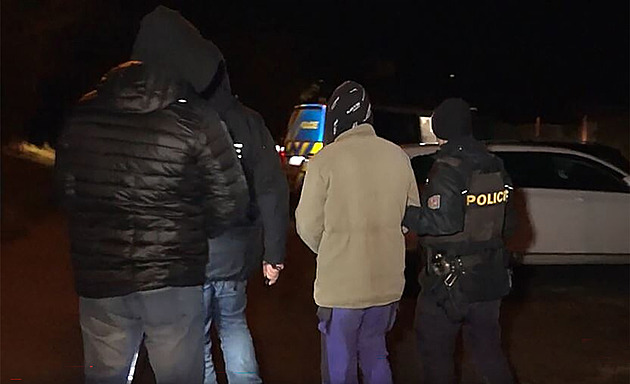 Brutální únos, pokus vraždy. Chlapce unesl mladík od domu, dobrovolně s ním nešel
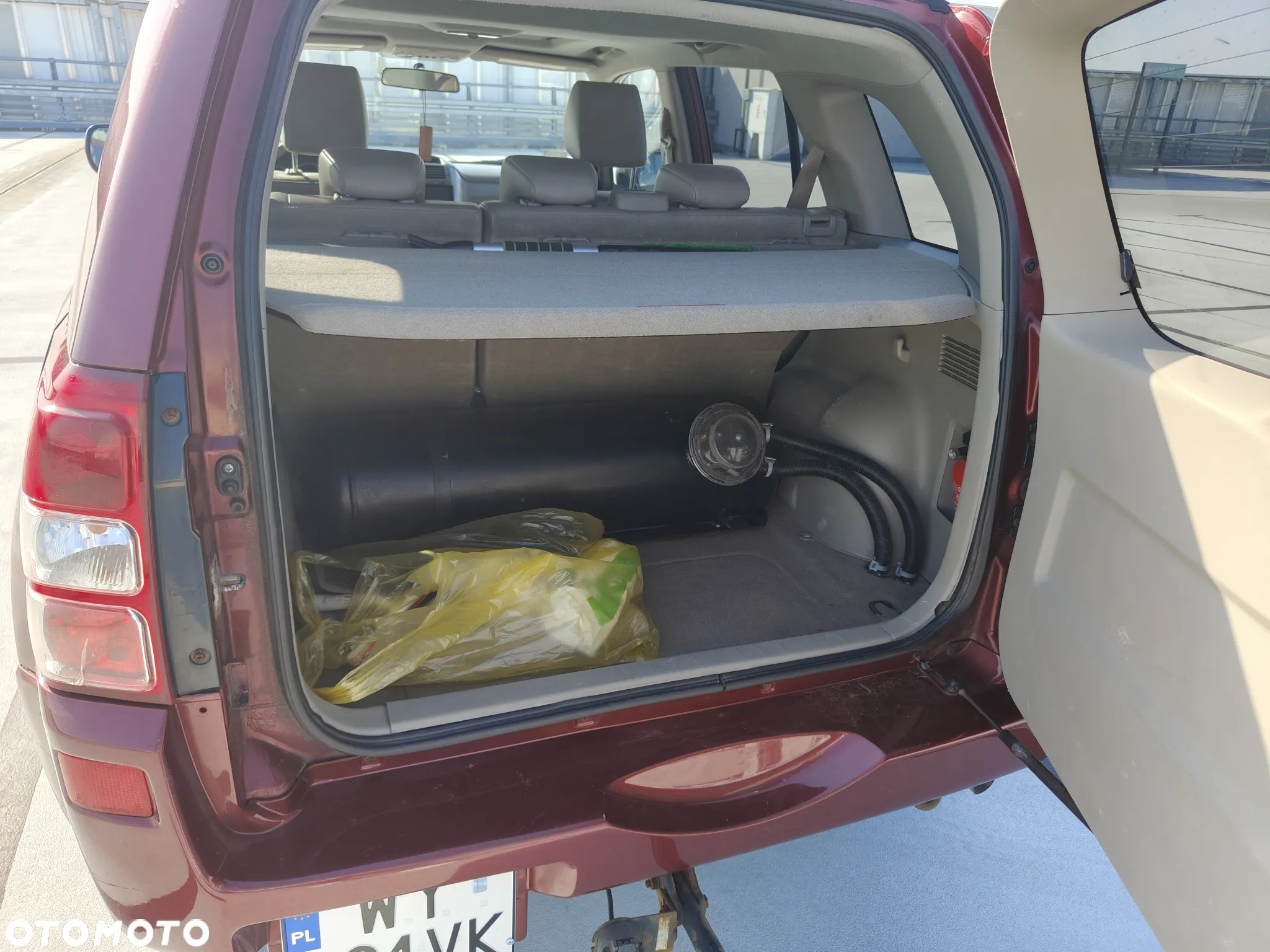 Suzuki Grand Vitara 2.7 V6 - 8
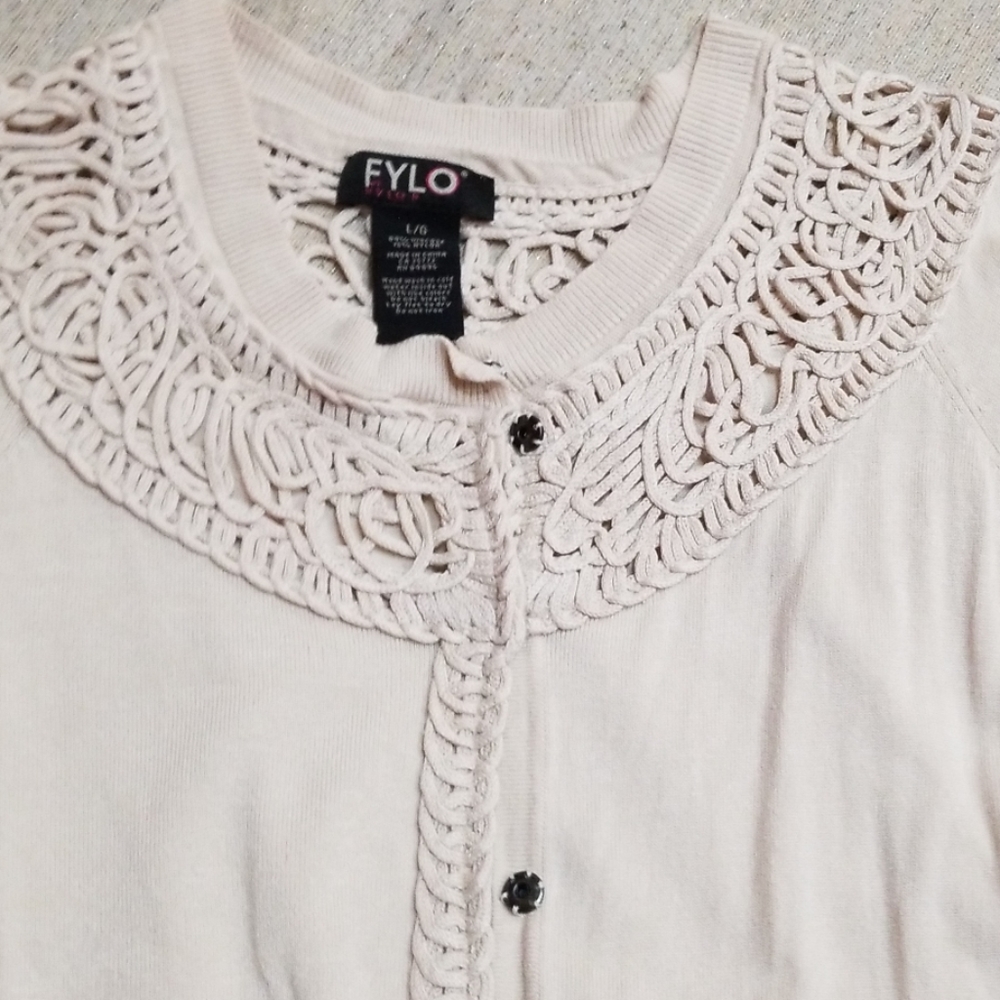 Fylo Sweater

**ACTION ITEM**
Nothing but the pictures should be left out when the listing above is transcribed.

**OUTPUT**
 Brutální únos, pokus vraždy. Chlapce unesl mladík od domu, dobrovolně s ním nešel
 Suzuki Grand Vitara 2.7 V6 - 8
 Fylo Sweater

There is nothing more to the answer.